Example: Route requests with modified path

apiVersion: gateway.networking.k8s.io/v1
kind: HTTPRoute
metadata:
  name: myhttproute
spec:
  parentRefs:
  - group: gateway.networking.k8s.io
    kind: Gateway
    name: INSERT_GATEWAY_NAME
  rules:
  - backendRefs:
    - group: inference.networking.k8s.io
      kind: InferencePool
      name: INSERT_INFERENCEPOOL_NAME
      port: 8000
      weight: 1
    filters:
    - type: URLRewrite
      urlRewrite:
        path:
          replacePrefixMatch: /
          type: ReplacePrefixMatch
    matches:
    - path:
        type: PathPrefix
        value: /mymodel/

This route supports requests with the prefix mymodel/; for example, to call the OpenAI completions API, requests would be sent to: mymodel/v1/completions. The HTTPRoute maps rewrites such requests to v1/completions for the target model server.

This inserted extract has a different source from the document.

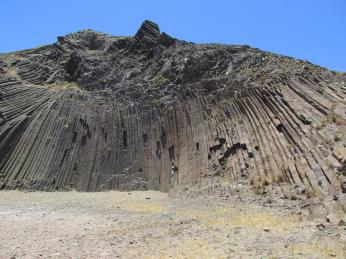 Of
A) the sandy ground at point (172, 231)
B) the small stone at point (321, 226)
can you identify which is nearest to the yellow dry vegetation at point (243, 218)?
the sandy ground at point (172, 231)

6. Dynamic Resource Allocation

When accelerator.dra is true, accelerator resource (gpu) requirements are specified using Dynamic Resource Allocation. In particular, the accelerator.type is used to identify a ResourceClaimTemplate to create (from accelerator.resourceClaimTemplates). The vllm containers use resources.claims instead of resources.limits to request the necessary resources. For example, see values-dra.yaml.

Troubleshooting:

Differences between your environment and that in which the above examples were tested may mean the need to modify the input values files. Some common examples we are seen are:

  • Is the inference gateway listed in routing.parentRefs correct?
  • Do the labels/values in acceleratorTypes match those assigned to nodes in your cluster?